Karara karşı, davacılar vekili istinaf başvurusunda bulunmuştur.
İSTİNAF NEDENLERİ:
Davacılar vekili istinaf başvuru dilekçesinde özetle; dava dilekçesindeki beyanlarını tekrarla, hükmedilen manevi tazminat miktarının tatmin edici olmadığını, manevi tazminat taleplerinin tamamına hükmedilmesi gerektiğini, mahkemece yapılan inceleme ile müteveffa sürücü … ‘nın %80, araç sürücüsü davalı …’in ise %20 kusurlu olduğu kabul edilerek, tazminat miktarlarının buna göre belirlendiğini, ancak hükme esas alınan ve müteveffaya yüklenen % 80 kusur oranının kabulünün mümkün olmadığını, kararın anılan yönlerden kaldırılması gerektiğini belirterek, istinaf isteminde bulunmuştur.
DELİLLERİN DEĞERLENDİRİLMESİ VE GEREKÇE:
Dava, trafik kazası sonucu desteklerini kaybeden davacıların maddi ve manevi zararlarının tahsili istemine ilişkindir.
Mahkemece; davanın kısmen kabul, kısmen reddine karar verilmiş; hüküm davacılar vekili tarafından istinaf edilmiştir.
İstinaf incelemesi, 6100 sayılı HMK’nın 355. maddesindeki düzenleme gereğince, istinaf dilekçesinde belirtilen nedenler ve kamu düzenine aykırılık bulunup bulunmadığı hususlarıyla sınırlı olarak yapılmıştır.

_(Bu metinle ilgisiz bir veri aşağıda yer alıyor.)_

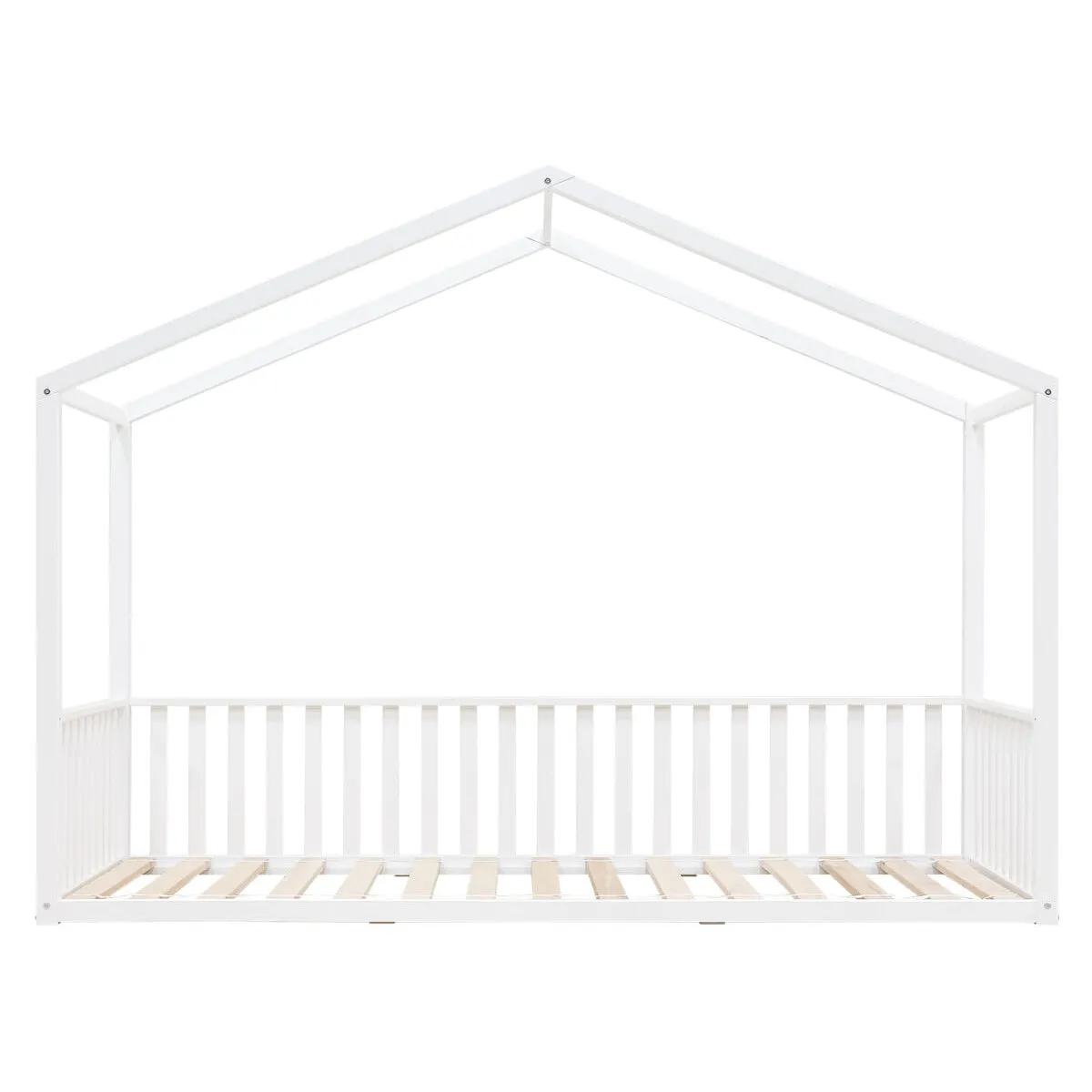 Bopita House Bed Robin - 90x200cm - White
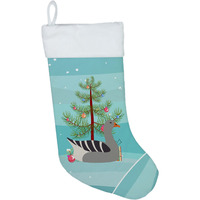 "Caroline's Treasures Pilgrim Goose christmas-stockings, Multicolor"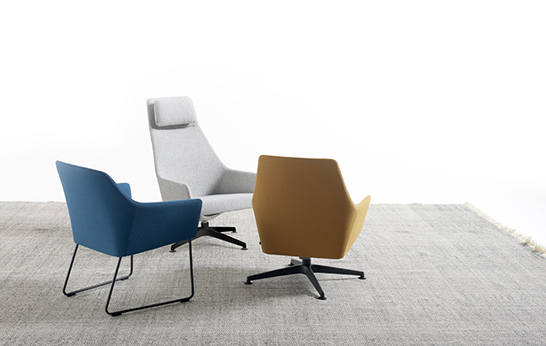 New Sketch chairs by Burkhard Vogtherr and Jonathan Prestwich for Arco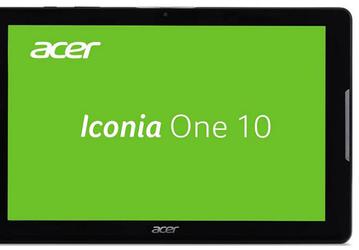 Планшет Acer Iconia One 10 (B3-A30) оценен в 150 евро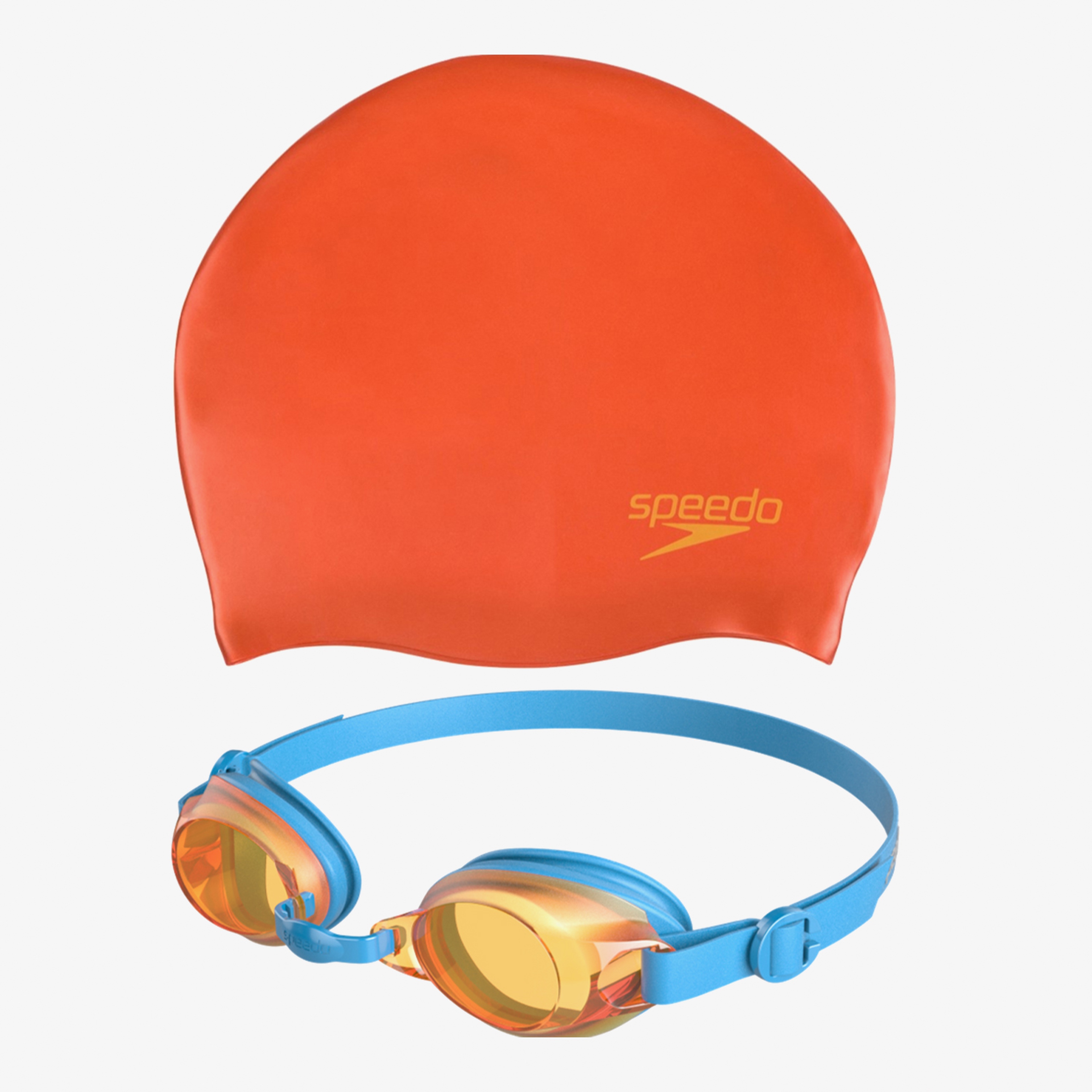 Speedo Çocuk Mavi Yüzücü Gözlüğü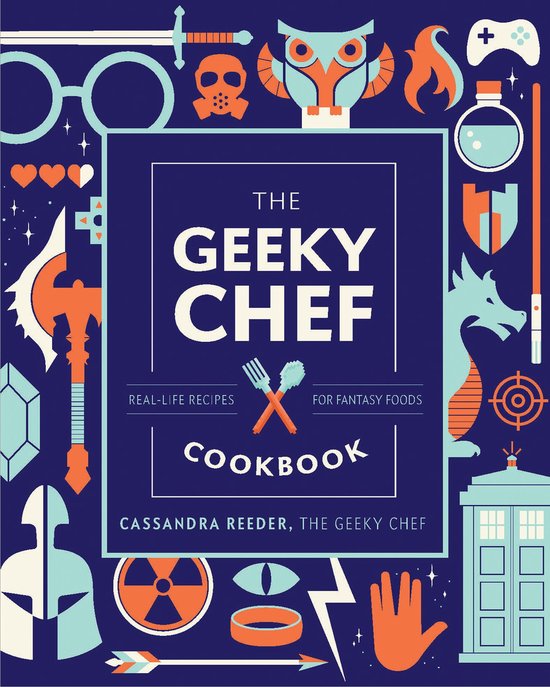 The Geeky Chef Cookbook - cover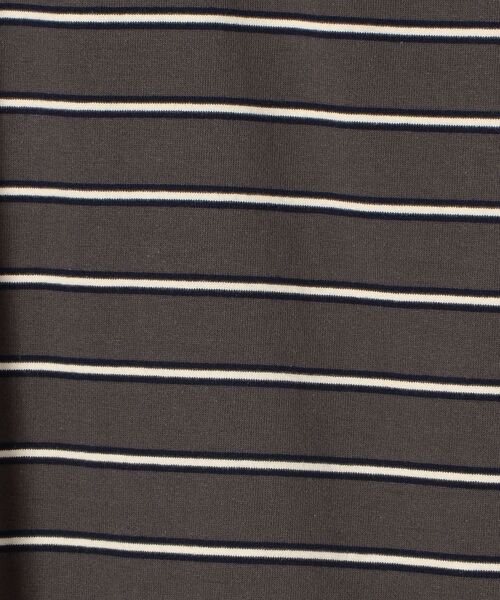 SUNNY  SPORTS（サニースポーツ）の「【SHIPS any別注】SUNNY SPORTS:〈ウォッシャブル〉ハーフ スリーブ ラガーシャツ◇（Tシャツ/カットソー・レディース・チャコールグレー/ネイビー/ナチュラル・ONE SIZE）」の13枚目の写真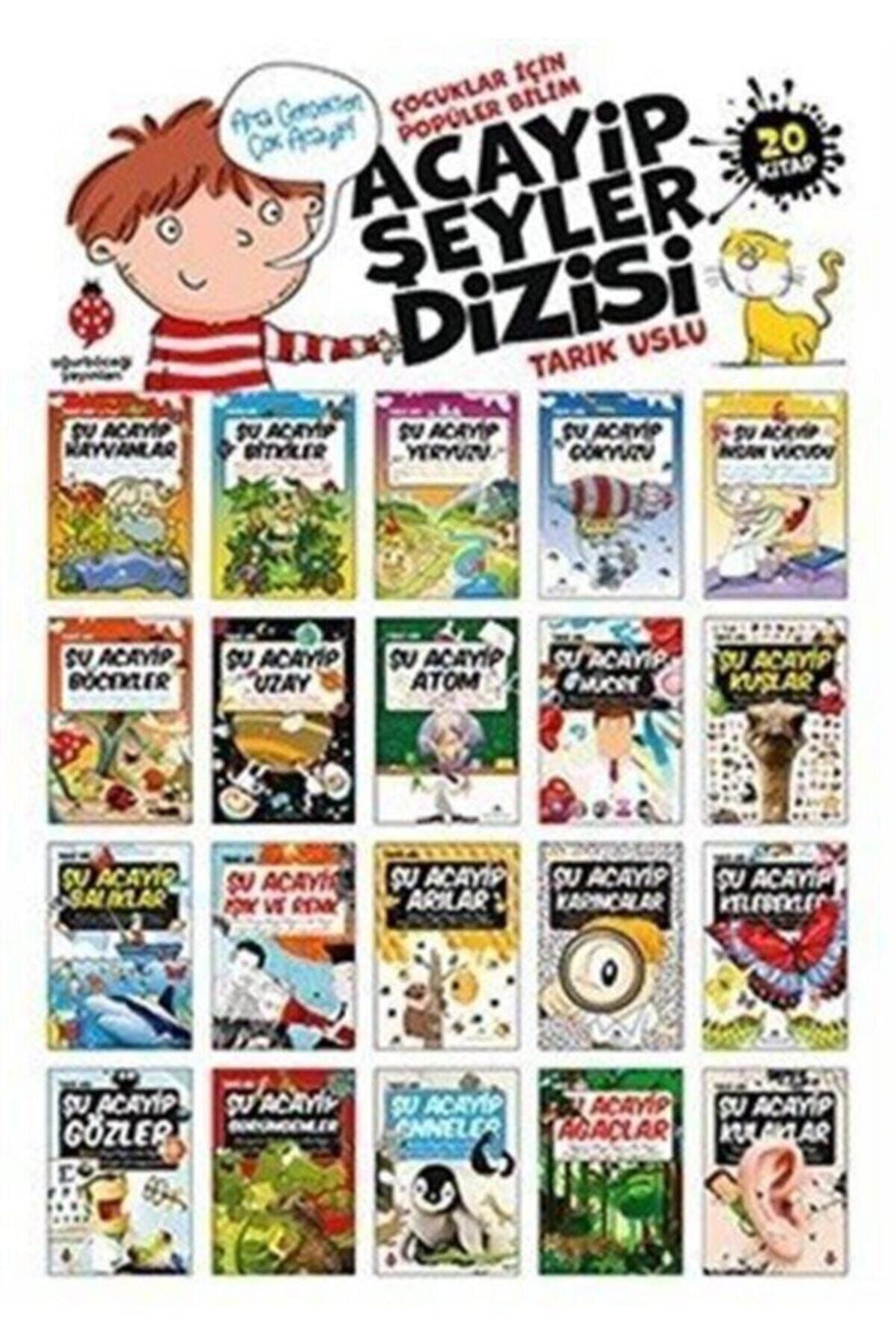 ugurbocegi yayinlari su acayip seyler serisi 20 kitap fiyati trendyol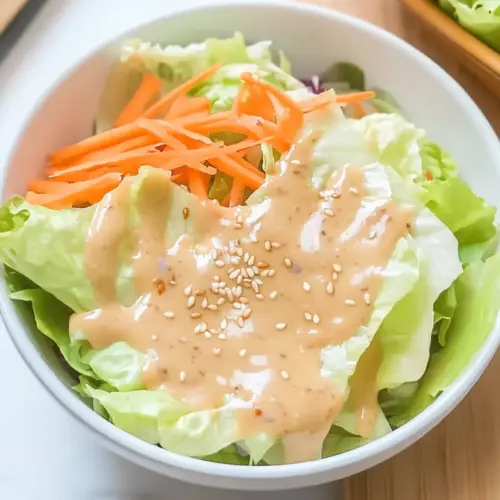Japanese Sesame Salad Dressing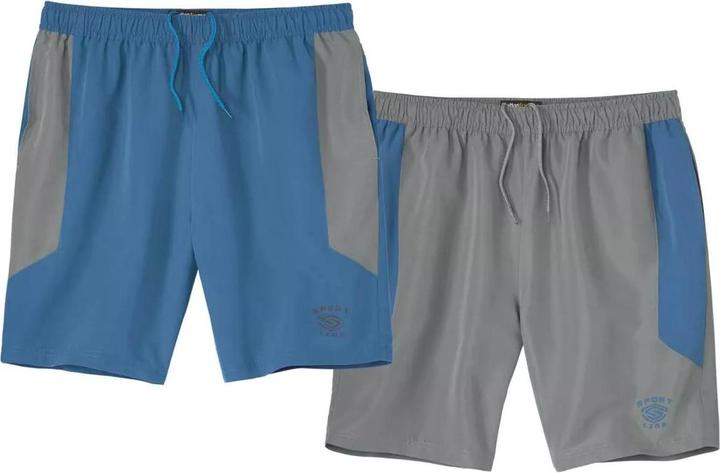 Actual product image Atlas For Men Pantaloncini Girovita Elasticizzato Uomo (XL)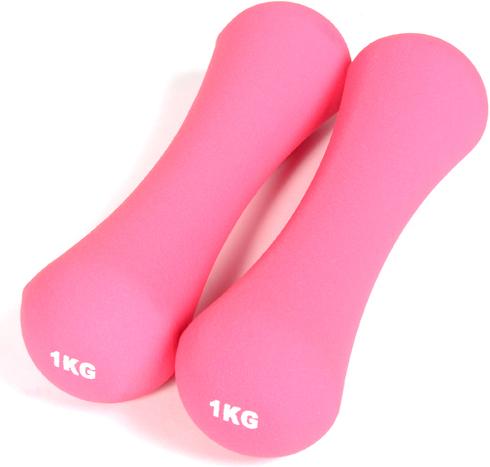 Immagine prodotto Gladiatorfit Kurzhantel für Kinder (2 x 1 kg)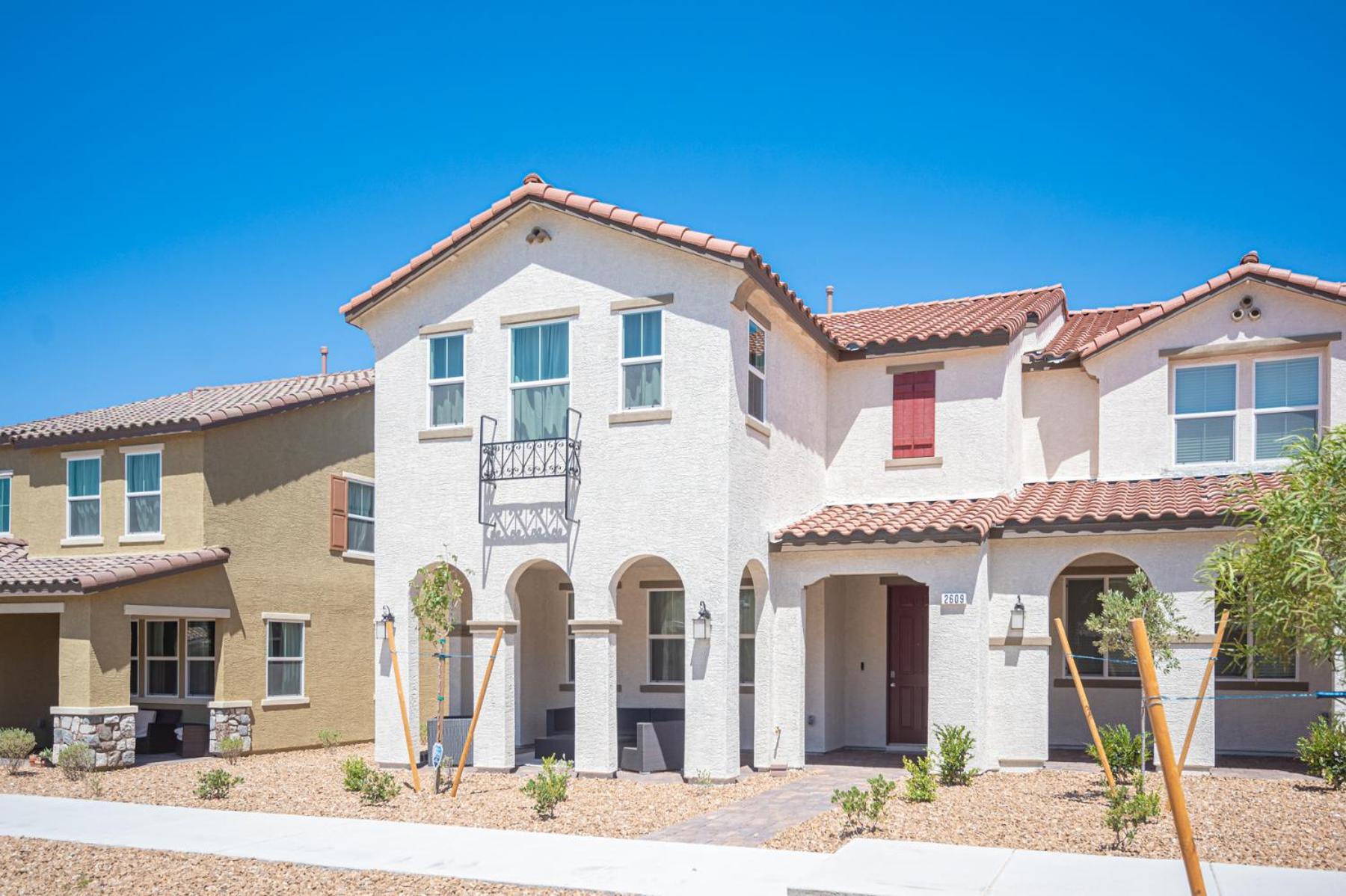 Beautiful Brand New 2 Bedroom Vegas Home! Fits 12 Or More,15-20 Minutes From Lv Strip Лас-Вегас Экстерьер фото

1-Davacılar vekilinin kusura yönelen istinaf itirazlarının incelenmesinde;
Mahkemece hükme esas alınan ATK Trafik İhtisas Dairesinin 10/05/2019 tarihli ek raporunda davaya konu trafik kazasının oluşumunda davacılar murisi …’nın %80 oranında kusurlu, davalı sürücü …’in %20 oranında kusurlu olduğunun bildirildiği, anılan rapor ile ceza soruşturması ve kovuşturması sırasında alınan kusur raporlarının uyumlu olup, çelişki arzetmedikleri anlaşıldığından, davacılar vekilinin kusura yönelen istinaf itirazlarının esastan reddi gerekmiştir.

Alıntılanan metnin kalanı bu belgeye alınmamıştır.